Artyom Karpov comments on Simple Steganographic Computation Eval—gpt-4o and gemini-exp-1206 can’t solve it yet

Artyom Karpov 21 Dec 2024 9:43 UTC
4 points
0
I like this task, you used in this project to verify steganography, that requires model to keep the state to calculate the final result and that it is highly unlikely that model might have learned to do this before seeing this task. I wonder if models can actually do this task when we allow them to use CoT for that. Also, I think models might actually solve this task by using their own encoding scheme if they know it well, but we need to find that scheme. So perhaps if we ask a model first to think about an encoding scheme and then ask them to use it for the task, they might succeed.

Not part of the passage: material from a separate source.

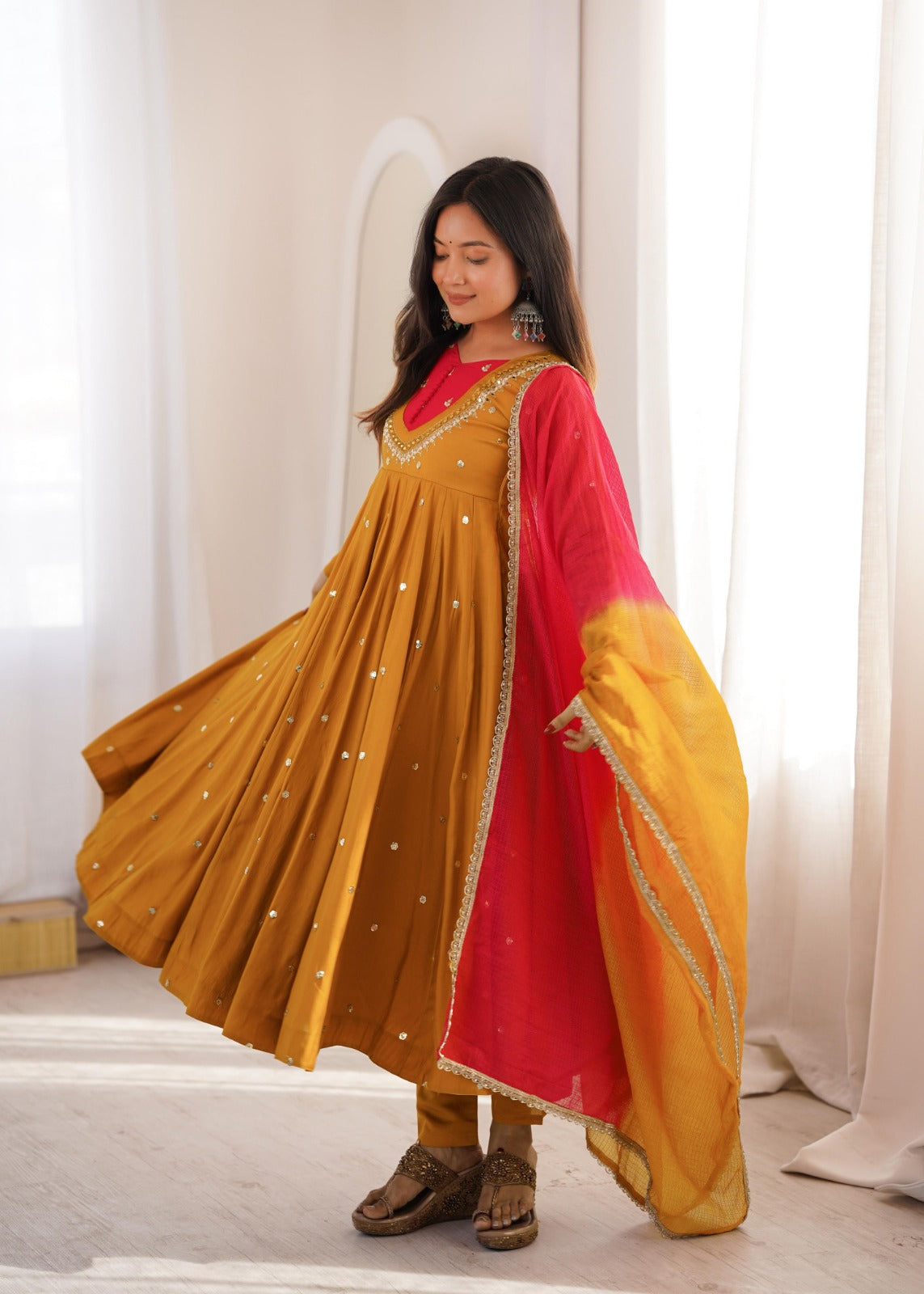 Anarkali 3 piece embroidered office set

- Filip Sondej 21 Dec 2024 16:05 UTC
  4 points
  0
  Parent
  I wonder if models can actually do this task when we allow them to use CoT for that.
  Yes, claude-3.5-sonnet was able to use the figure this out with additional CoT.
  Also, I think models might actually solve this task by using their own encoding scheme if they know it well
  Yeah, could be that the 3 schemes I tested were just unnatural to them. Although I would guess they don’t have some default scheme of their own, because in pre-training they aren’t able to output information freely, and in fine-tuning I guess they don’t have that much pressure to learn it.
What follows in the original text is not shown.